D‑Bus is a lenient, unorganized and forgiving bus. These traits lead to fundamental conceptual problems:

  • Objects on the bus can register whatever they want.
  • Objects can call whatever they want, however they want, whenever they want.
  • The protocol allows, and even incentivises, vendor‑specific unchecked garbage.

In practice this results in “Garbage in, garbage out.”

D‑Bus standards

Part 1

Apps need to communicate, but the documentation is scattered, unfinished, or unreadable, and many clients ignore it.

Some examples of the existing (often confusing) documentation:

Image 1
Image 2
Image 3

The standards are a mess, and implementors frequently do not follow them.

Part 2

Even when a spec exists, there is little enforcement. Anonymous calls with arbitrary data are common.

Story: While writing xdg‑desktop‑portal‑hyprland, I followed the portal documentation and implemented the required D‑Bus protocols. The implementation worked, but when I added “restore tokens” (a spec‑compliant mechanism), no application used it. Everyone had created their own undocumented variant, forcing me to copy KDE’s implementation instead.

The spec even advertises a restore_token property on SelectSources and Start, yet no app uses it; they use a different restore_data field.

Part 3

Many protocols rely on variants (e.g., a{sv} – an array of string‑variant pairs). Allowing such loosely typed data encourages apps to send random information and hope the other side can interpret it, a pattern that has caused repeated failures (similar to X atoms).

Part 4

Permissions are effectively absent. Everyone can see everything and invoke any method. There is no universal notion of “rejection”; each protocol must define its own error handling. This lack of security is a primary reason Flatpak apps cannot see the session bus.

Part 5

Secret stores like kwallet or gnome‑keyring can be unlocked with a password, encrypting data on disk. However, once unlocked, any application on the bus can read all stored secrets without user awareness.

Enough is enough

I am fed up with D‑Bus. While a session (and later system) bus would be useful for my ecosystem, I cannot tolerate the current state of D‑Bus.

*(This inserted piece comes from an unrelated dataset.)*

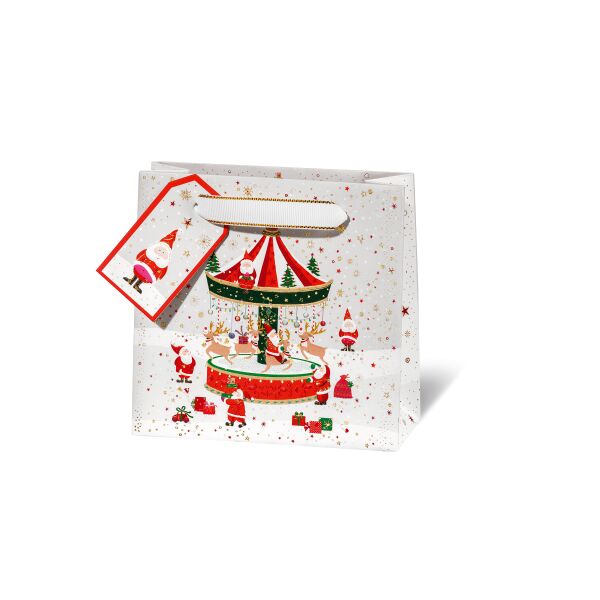 Weihnachten Geschenktüte CD-Format Karussel Weihnachtsmänner  klein Geschenktasche Weihnachtstüte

Therefore, I am creating a new bus from scratch, avoiding the many problematic design choices of D‑Bus.

XKCD 927

Many quote this XKCD comic when implementing new systems, but the situation differs. With Wayland, switching away from X11 means you cannot run an X11 session alongside a Wayland session. However, you can run multiple D‑Bus‑like session buses simultaneously (two, three, or more). A proxy client could translate between them, enabling gradual migration.

Wire

The first component I focused on was hyprwire, a wire protocol for Hypr* tools such as hyprlauncher, hyprpaper, etc.

Key strengths of the wire protocol:

  • Consistency: Types and message arguments are enforced; no a{sv} or “just send something.”
  • Simplicity: Fast and straightforward; no complex struct types.
  • Speed: Quick handshakes and protocol exchanges; connections are established rapidly.

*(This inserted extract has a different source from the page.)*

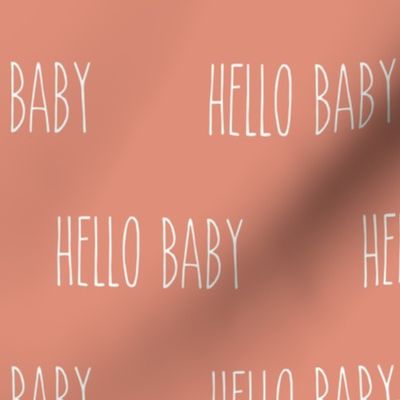 4" Hello Baby on copper background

Hyprwire is already used for IPC in hyprpaper, hyprlauncher, and parts of hyprctl.

Bus

The bus itself is called hyprtavern. It is not a direct replacement for D‑Bus but serves a similar purpose.

  • Applications register objects on the bus, exposing protocols and key properties defined by those protocols.
  • Other applications can discover these objects by connecting to the bus.

In this model, hyprtavern acts like a tavern: each app is a client that can interact with the objects registered by other apps.